Here's a very interesting piece from -- of all places -- Fortune magazine on Sen. Edwards' economic populism. As the gap between very, very wealthy elites and the rest of us grows wider each day, perhaps Sen. Clinton and Sen. Obama will catch on to the idea that our next President must work to reverse this trend and defend working families against the ravages of corporate greed, aided and abetted by the Bush-Cheney cabal. So far it's hard to detect much of a populist streak in the corporate friendly Clinton and Obama campaigns. Hopefully, with pressure from Edwards, Kucinich, and grassroots labor and economic justice activists, this will change in the months ahead. If the Democratic party does not take the side of organized labor and working Americans, it really has no reason to exist.
John Edwards: Union man
John Edwards believes a new labor movement is the answer to the
country's great divide. Should corporate America be afraid of him?by Nina Easton, Fortune Washington bureau chief
May 7 2007: 5:53 AM EDT
(Fortune Magazine) -- No one was paying much attention to John Edwards in February 2006, when a historic contest for control of Congress was getting underway and the 2008 presidential race was still a sliver of light on the horizon. But Danny Glover was. He had to. For three days the Lethal Weapon star and the one-term Senator were glued to each other's sides like a pair of mismatched LAPD cops as they traveled across the country to lend support to hotel workers and their unions on the eve of a threatened strike.

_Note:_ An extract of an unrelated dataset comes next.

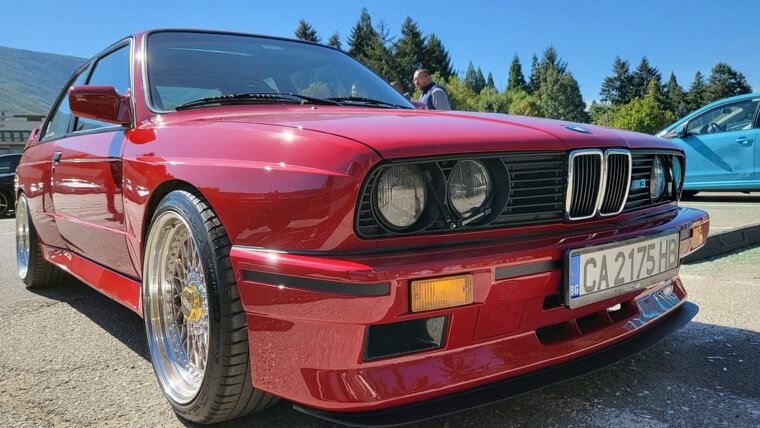 BMW M3 (E30) (1986–1991)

At the time, Glover was the veteran of poverty politics; Edwards was still a rookie in training. So Glover, who prides himself on his ability to sniff out poseurs and users, warily scrutinized the carefully coifed politician from North Carolina. "There's real humility and false humility," Glover says. Which was Edwards?

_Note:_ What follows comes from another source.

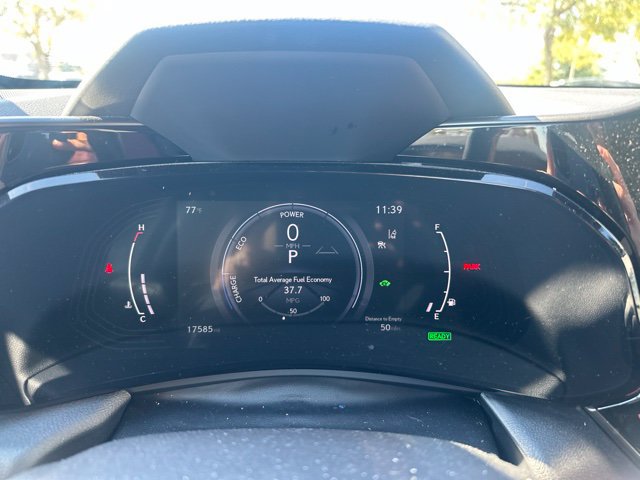 Certified 2024 Lexus NX 350h AWD w/ Vision Package image 12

In Boston, he watched Edwards listen to the plight of a single mother, an Italian immigrant who had managed on a hotel maid's pay to raise four children and send each one to college. In Chicago, Edwards took a lesson in the back-breaking work of lifting 113-pound mattresses and changing luxury duvets weighed down by piles of pillows and shams.
In L.A., the former Senator arrived overscheduled and tired, but impressed labor leaders when he readily agreed to squeeze in an extra meeting with a group of kitchen workers on their break.
The rich lawyer with the soft Southern accent bonded comfortably with this unseen servant class. Like a juror on one of Edwards's personal-injury cases, Glover found himself falling under the trial lawyer's spell. As the duo walked into a meeting of 60 African-American community leaders in downtown L.A. to make the case for greater black support of unions, the deal was sealed. "He was able to talk with them, not up to them or down to them," Glover recalls. "Here was a man who sincerely had empathy."